In any event, you should not underestimate what will be personally required of you in order to compile replies to pre-contract enquiries and the time and effort that it takes.
The industry-standard pre-contract enquiries raised by buyers are the Commercial Property Standard Enquiries (CPSEs). For a commercial freehold property sale, the relevant sets are:
- CPSE.1 (for use in all commercial property transactions): 34 pages of questions, on 32 topics
- CPSE.7 (short version of CPSE.1 introduced for use in lower value, simpler transactions): 15 pages of questions, on 20 topics
- CPSE.2 (for commercial properties subject to any tenancies for commercial use): 12 pages of questions, on 13 topics
- CPSE.6 (for commercial properties subject to any tenancies for residential use): 21 pages of questions, on 20 topics.
In order to compile answers to the relevant sets of these enquiries as may be applicable to your property, and so that your lawyer can advise you on what needs to be disclosed and what may not and what will need addressing in the contractual documentation, you will need to provide information about the following aspects:
- Boundaries and party walls
- Design and construction (including, If the property was constructed within the last 12 years, to what extent will construction warranties be available for the buyer)
- Plant and machinery and fixtures (will you be removing any fixtures? is the property’s plant and equipment owned by you?)
- Contents (are any loose items remaining at the property being sold separately (if so, they will need to be valued) or will they be included with the property?)
- Fire safety (e.g. copy fire risk assessment; did it recommend actions be taken and, if so, have they been?)
- Planning and building regulations (e.g. copy planning permissions, lawful use certificates, etc)
- Statutory agreements, requirements and infrastructure
- Physical condition and environmental issues (e.g. copy environmental reports, asbestos survey (did it recommend actions be taken and, if so, have they been and is there documentation evidencing this?), Energy Performance Certificate (EPC), etc.)
- Occupiers (e.g. copy of all leases, rent review memoranda, rent deposits, consent licences, rent payment histories, service charge information, details of any arrears and other subsisting tenant breaches, etc.)
- Employees (are any employed at the property in relation to the property itself, such that is the buyer to take them on under the Transfer of Undertaking (Protection of Employment) Regulations (TUPE)? If so, details of all their periods of employment, salaries and pension arrangements will need to be disclosed)
- Buildings insurance
- Service contracts (e.g. alarm/security contracts; whether these are to be novated to the buyer or terminated by you on completion)rates and other outgoings
- Capital allowances (with help from your accountant – are any available to the buyer?)

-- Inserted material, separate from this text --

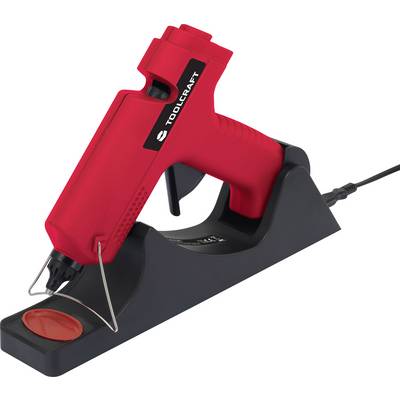 Ein roter Heißkleber sitzt schräg auf einer schwarzen Basis. Ein Kabel ist mit der Basis verbunden.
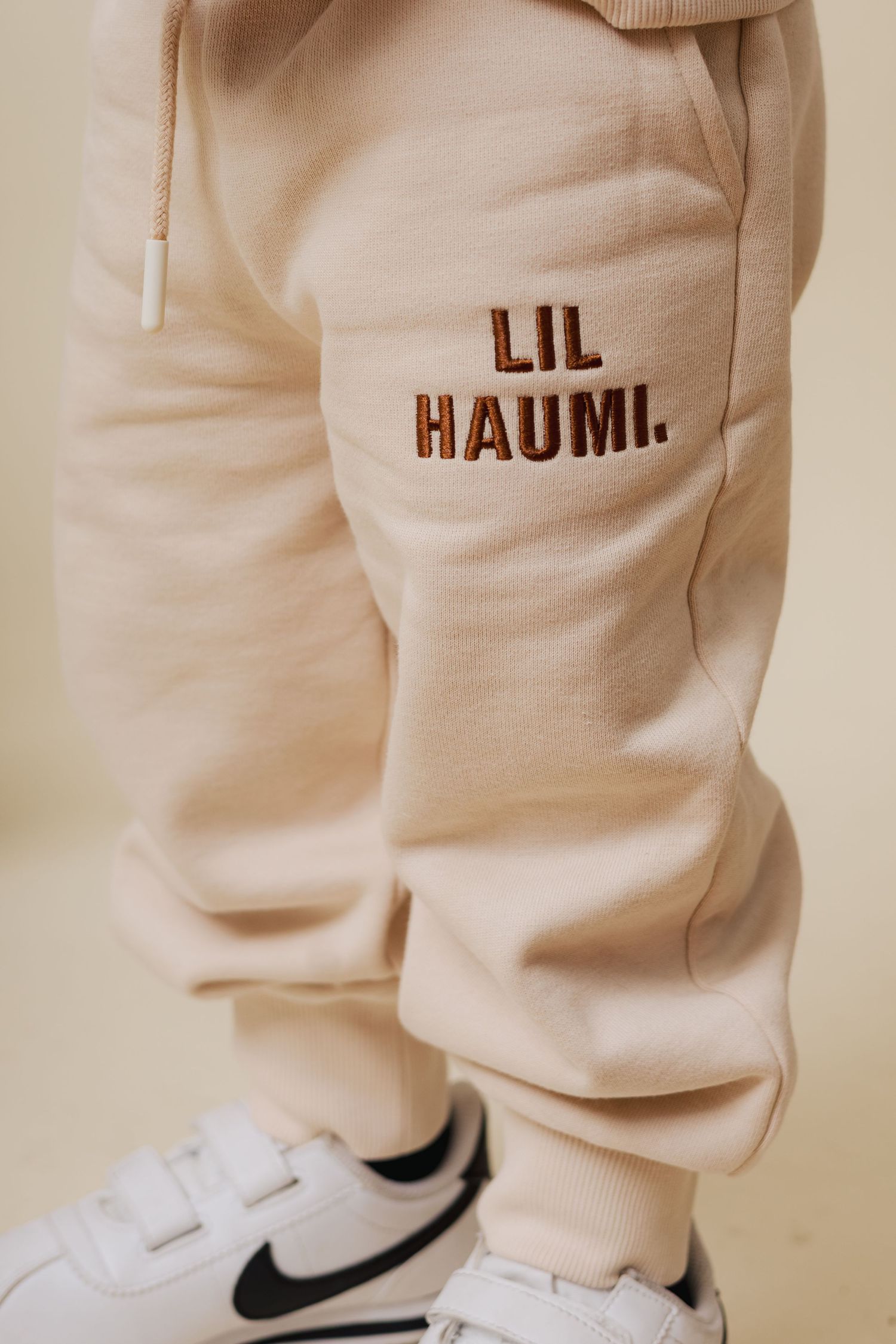 Close-up view of cream-colored sweatpants with Nike sneakers against a light beige background.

- VAT (with help from your accountant – copy option to tax and any HMRC’s acknowledgement or receipt of the same (n.b. HMRC replaced acknowledgements with receipts from 1 September 2022, and then stopped receipts from 1 February 2023)
- Other notices, licences, consents, etc.
- And the list goes on…
e.g. if your property is on an estate: details of any estate service charge relating to the communal part of the estate, a copy of your share certificate in any freeholders’ management company that may own those communal parts and which will need transferring to your buyer on completion of the sale.
e.g. if your property is being sold in its “corporate wrapper”: details of the company that is being sold.
It should be apparent from this list that the sooner you start getting prepared, the better!
Replying to enquiries requires careful consideration, as any misrepresentation carries the risk of you subsequently facing a claim from your buyer for damages.